# Opening a Bank Account in Dubai without 3 Months of Pay Slips???



## kakutoudamashii (Aug 6, 2014)

HI everyone,

I just moved to Dubai a few weeks ago to begin work. My residency visa is being processed. I need to open a bank account in order to have my salary automatically deposited.

After doing a bit of research, my first choice of banks is Emirates NBD as it is close to where I live and has good reviews.

The problem is that 3 months of pay slips are required in order to open a Current account.

Does anyone know of a way around this? 

If not, are there any other hassle free banks that will allow me to open a bank account immediately once I receive my visa?

I could really use some advice. Thanks in advance!!


----------



## w_man (Apr 16, 2010)

Never heard of the 3 month pay slip to open an account rule. 
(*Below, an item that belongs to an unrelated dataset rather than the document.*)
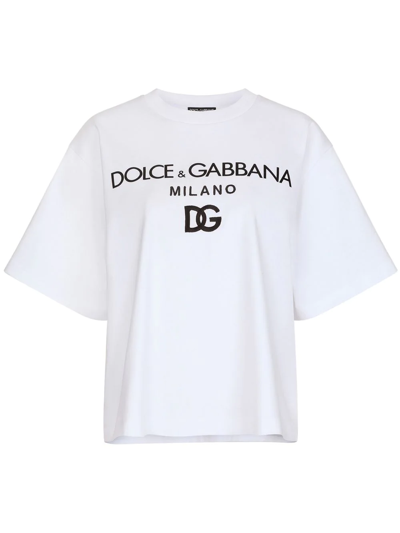 Dolce & Gabbana Flocked-logo Cotton T-shirt In White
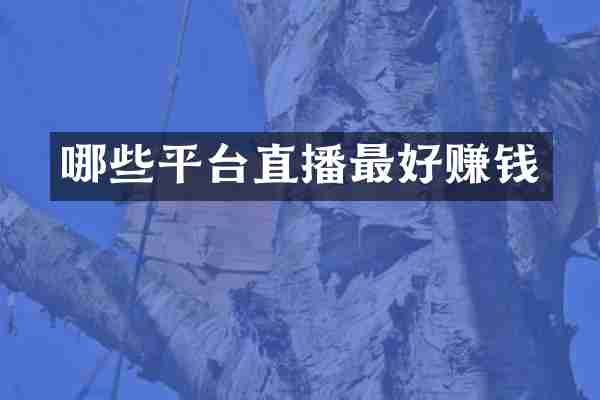 哪些平台直播最好赚钱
I am with HSBC and they opened a 'current' account for me even without my residency processed - the only catch was that they didn't issue me a cheque book until I got my residency. But in order to open the account before showing them residency, I had to give them a letter from my company stating that I am employed there and my residency is in process.

The 3 month pay slip requirement is usually for getting a loan eg: housing or car loan. I have a tough time believing that NBD won't open a current account for you - I suggest going into a different branch and talking to someone else about it - don't ask about this requirement, just say you are here to open a salary account. Maybe make a point that you're not looking for a credit card or a loan at the time - just need to create an account to start receiving your salary. I have a feeling the person you spoke with wants to start a CC application for you or pre-approve you for a loan at the same time?!?
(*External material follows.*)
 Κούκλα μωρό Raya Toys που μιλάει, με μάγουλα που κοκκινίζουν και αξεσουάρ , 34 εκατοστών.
Otherwise, go to HSBC? :noidea:


----------



## twowheelsgood (Feb 21, 2013)

w_man said:


> Never heard of the 3 month pay slip to open an account rule.
> 
> I am with HSBC and they opened a 'current' account for me even without my residency processed


Probably because you're a westerner and your company has an arrangement with HSBC to stand by you for the first few months.


----------



## BigAndyD (Apr 19, 2013)

I'm also not sure what the problem is here. I opened a current account with NBD in my first few days here with no hassle. All they needed was a letter confirming my salary. Credit card approved straight away and cheque book issued about a week later.


----------



## BedouGirl (Sep 15, 2011)

kakutoudamashii said:


> HI everyone, I just moved to Dubai a few weeks ago to begin work. My residency visa is being processed. I need to open a bank account in order to have my salary automatically deposited. After doing a bit of research, my first choice of banks is Emirates NBD as it is close to where I live and has good reviews. The problem is that 3 months of pay slips are required in order to open a Current account. Does anyone know of a way around this? If not, are there any other hassle free banks that will allow me to open a bank account immediately once I receive my visa? I could really use some advice. Thanks in advance!!
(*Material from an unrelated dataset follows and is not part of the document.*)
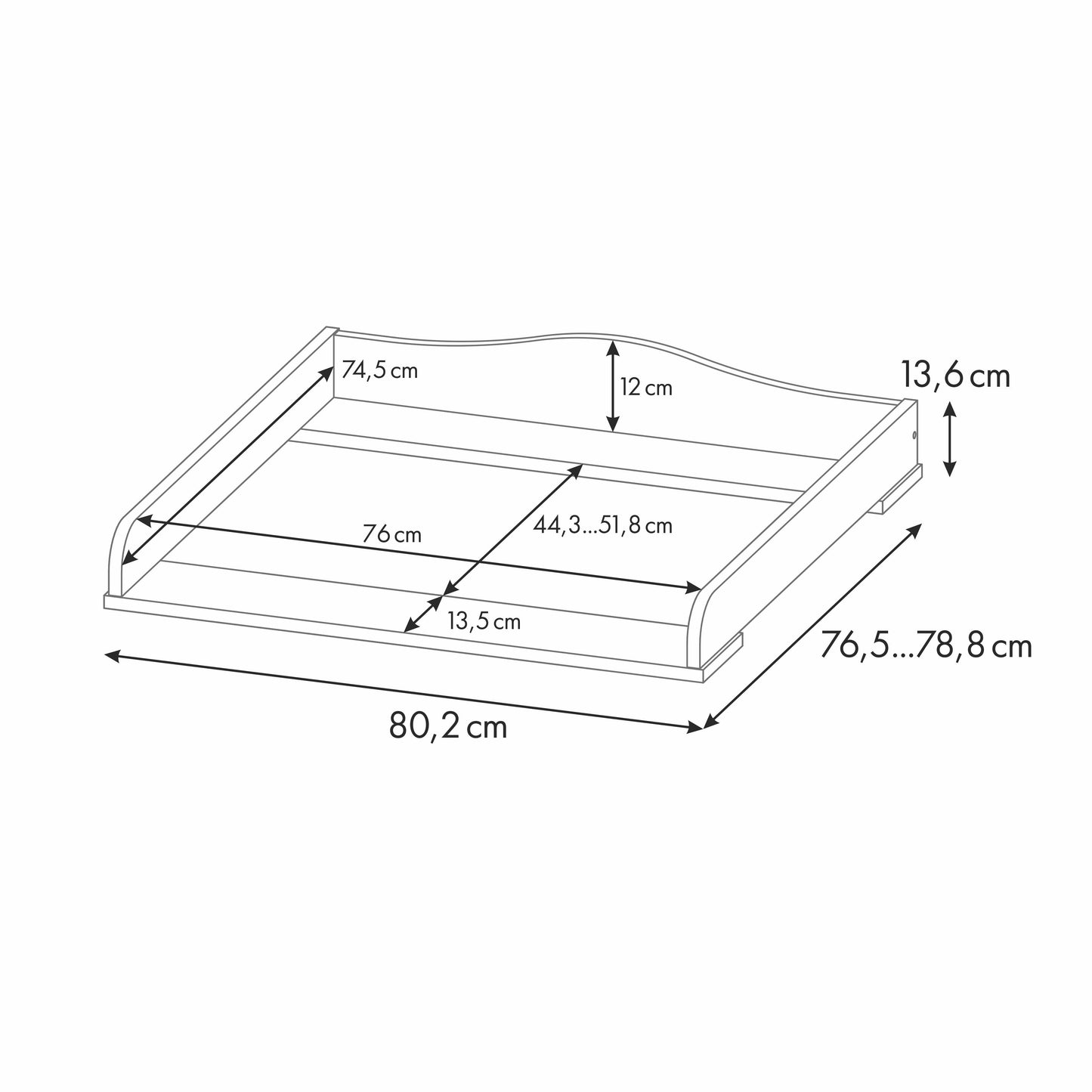 Shefa Kids Changing Top Wave, Universal for IKEA Dressers, White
The best thing to do is to ask your company which bank they use. HR should give you contact details of someone there who will assist you. Most people here bank with their company's bank.


----------



## w_man (Apr 16, 2010)

twowheelsgood said:


> Probably because you're a westerner and your company has an arrangement with HSBC to stand by you for the first few months.


Well not exactly. I have a very small branch company which is under my name actually which makes things worse. We have no arrangements with any banks because we are so small. I didn't get my first CC until a year after I got here. My corporate account bank made me put a 100k deposit down to issue me a corporate CC.

Banks were a disaster to deal with when I first moved here (personal/corporate) but opening my personal account was (somewhat) easy. Trying to get a cheque book, online banking etc is another story.


----------



## kakutoudamashii (Aug 6, 2014)

Hmm I guess I will just have to go into the branch near me and try opening an account since everyone's experience seems to differ slightly.

All my information was based on what's written on the bank's website here:

http://m.emiratesnbd.com/enbdmobile...nts/current-account/standard-current-account/

I've spoken to my company about this as well. They do not gave a preference and said I can open an account with any bank of my choice.

After the holiday, I will try opening an account and bring a NOC letter with me to confirm my employment.

I'll report back afterwards.

Thanks!


----------



## Navaron (Oct 13, 2014)

I opened a basic account with EmiratesNBD in a week I was here, no payslips at all just a copy of my passport and a copy of the offer letter from my employer. all done in 3 days.


----------



## Standanista (Sep 26, 2014)

BigAndyD said:


> I'm also not sure what the problem is here. I opened a current account with NBD in my first few days here with no hassle. All they needed was a letter confirming my salary. Credit card approved straight away and cheque book issued about a week later.


Had a very similar experience to BigAndyD: Got a letter from my employer with my salary on it the first week I arrived here, went into EmiratesNBD in Deira City Centre, no appointment needed, account open and credit card approved there and then, went back a couple of days later to pick up a letter for company payroll with IBAN number, cards and cheque book couriered to office a week or so after that.


----------



## kakutoudamashii (Aug 6, 2014)

Hmm that's strange. I went into a branch yesterday. I was able to confirm that I do not need 3 months of pay slips. I also learned that I will not need to keep a minimum balance as long as my salary is being deposited into the account.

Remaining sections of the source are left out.